That little bit of wood would have only lasted two hours tops in an offset but it was still burning after 10-12 hours on the wsm.

When the wife shut the vents down there was enough air getting to the fire to keep it in the 100 deg range for a few hours.  I feel that this is when most of the creasote was formed and everything stuck together.


----------



## LarryWolfe (Feb 2, 2007)

Cliff H. said:
			
		

> Larry,
> I did have some issues with temps trying to climb.  At one point the dome got up to 280 and I had no alternative but to close the top vent by 1/2 to bring the temps down.  When I left, the temps were falling from 270 and the vent was 3/4 open.  This could have caused the creasote formation and the hi temps could have caused the chucks to dry out.
> 
> I agree with you on the wood.  The wood I am using is some that was cut almost a year ago.  I picked out sticks that clicked when tapped together but felt heavy.  With the weather the way it has been the wood in the garage may have picked up some humidity.
> ...



Hmmm..... If you have a hard time with temps in the future and they get out of hand, just totally close the bottom temps for a bit until you gain control.  The problem with closing the top vent is you create a "smoldering" fire, versus a clean properly "burning" fire.  A smoldering fire will indeed create soot.  Short heat spikes won't hurt a thing so don't panic when they rise above your ideal temps.  Just concentrate on your heat control with the bottom three vents.    

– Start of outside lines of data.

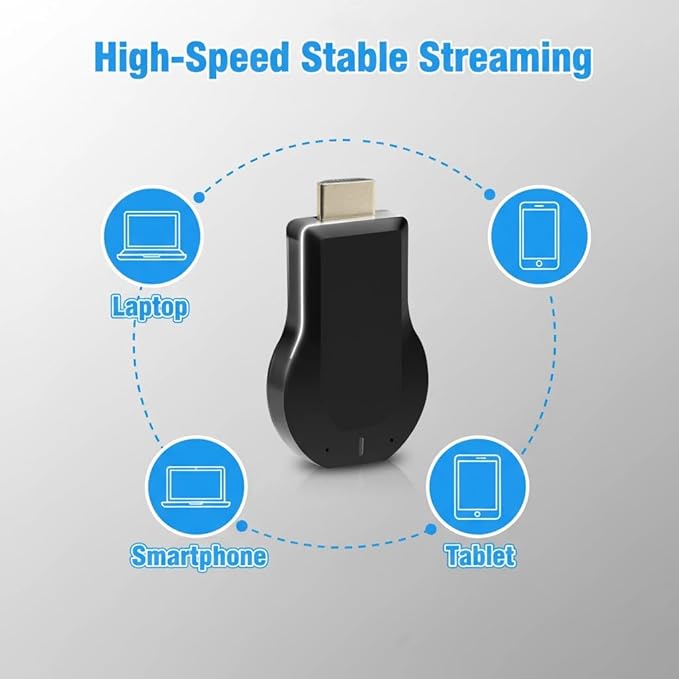 HDMI Wireless Display Dongle Adapter - WiFi 4K&1080P Portable Transmitter, Streaming Media Video/Audio/File from Smartphone, Laptop to HDTV/Monitor/Projector Support Windows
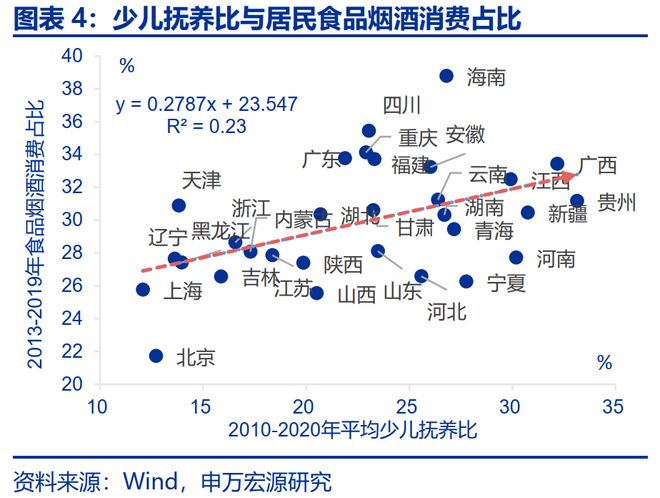 _赵伟：育儿补贴落地，影响几何？_赵伟：育儿补贴落地，影响几何？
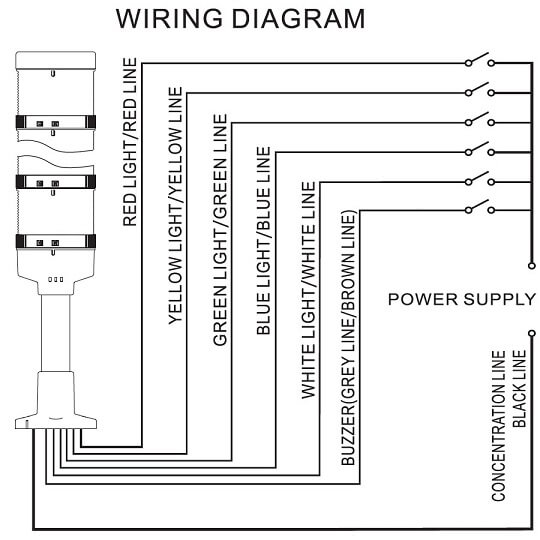 Tilslutningsdiagram lystårn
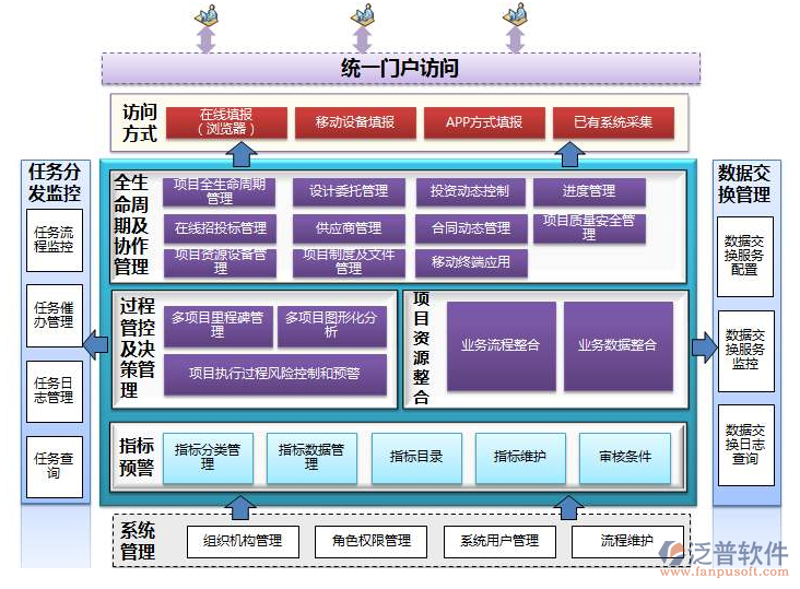 系统集成方案：构建科技大厦的技术基石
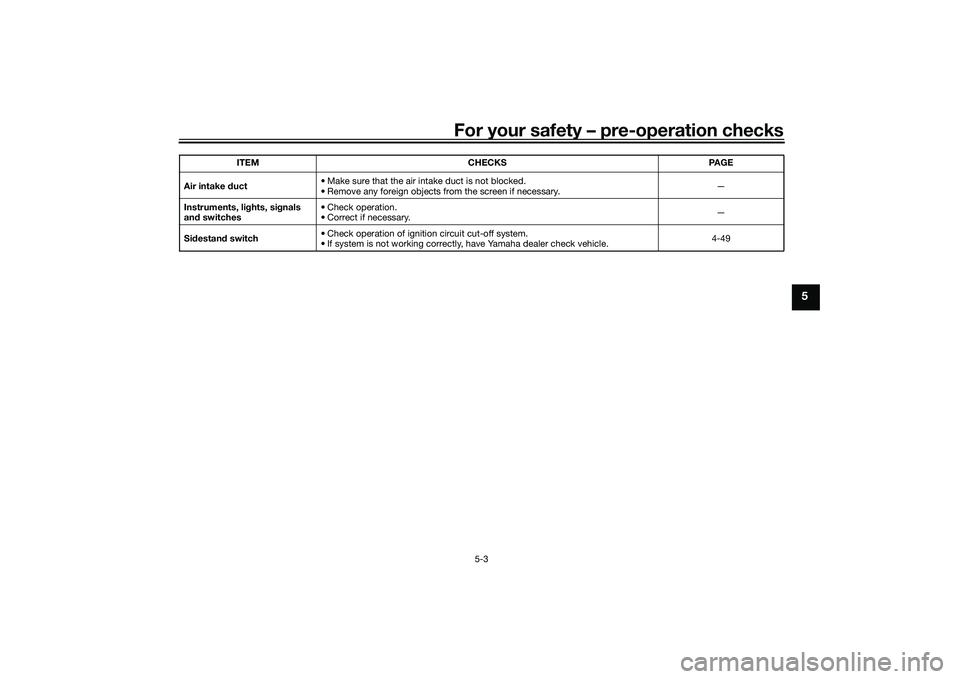 YAMAHA YZF-R1 2020 Owners Manual For your safety – pre-operation checks
5-3
5
Air intake duct • Make sure that the air intake duct is not blocked.
• Remove any foreign objects from the screen if necessary. —
Instruments, li g YAMAHA YZF-R1 2020 Owners Manual For your safety – pre-operation checks
5-3
5
Air intake duct • Make sure that the air intake duct is not blocked.
• Remove any foreign objects from the screen if necessary. —
Instruments, li g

For the wood, instead of using sticks or small logs in the WSM, try cutting your small logs into the size of a hockey puck.  That should help dry them out quicker and burn better.


----------



## Cliff H. (Feb 2, 2007)

Thanks for the info


----------



## Nick Prochilo (Feb 2, 2007)

Like Larry said, close the bottom vents to lower the heat, not the top. It will cool faster with the top vent open. The same is true about firefighting, we cut holes in the roof for a reason, to get the crap out of the building.


----------



## Nick Prochilo (Feb 2, 2007)

Your not letting your gasses escape. Closing the bottom will start to snuff out the fire.


----------



## LarryWolfe (Feb 2, 2007)

..


----------



## Unity (Feb 2, 2007)

Cliff, it surprised me when you said you're burning wood -- first I've heard about anybody doing that. The FAQs at virtualweberbullet.com say this:



			
				VWB said:
			
		

> Q: Can the WSM be fired using wood chunks or logs instead of charcoal?
> 
> A: Yes, but with considerable effort and inconvenience. Wood must be burned down to hot coals in a separate container, then shoveled into the WSM, and this process must be repeated several times during the course of cooking. Most people who try this once don't try it again.


--John  8)


----------



## LarryWolfe (Feb 2, 2007)

brian j said:
			
		

> please explain how closing the top vent 1/3 - 1/2 creates a smoldering fire where as shutting down all the botton vents won't.  both are limiting the amount of air getting to the fire.



Closing the top vent doesn't feed the fire, it gives the smoke/gases an outlet, "exhaust".  The bigger outlet for the exhaust the better your fire will burn.  Closing the bottom vent's shut off the majority of oxygen feeding the fire, thus causing it to burn at a lower temp, but still burning vs. smoldering.  You want a clean efficient burning fire, not a smoldering fire.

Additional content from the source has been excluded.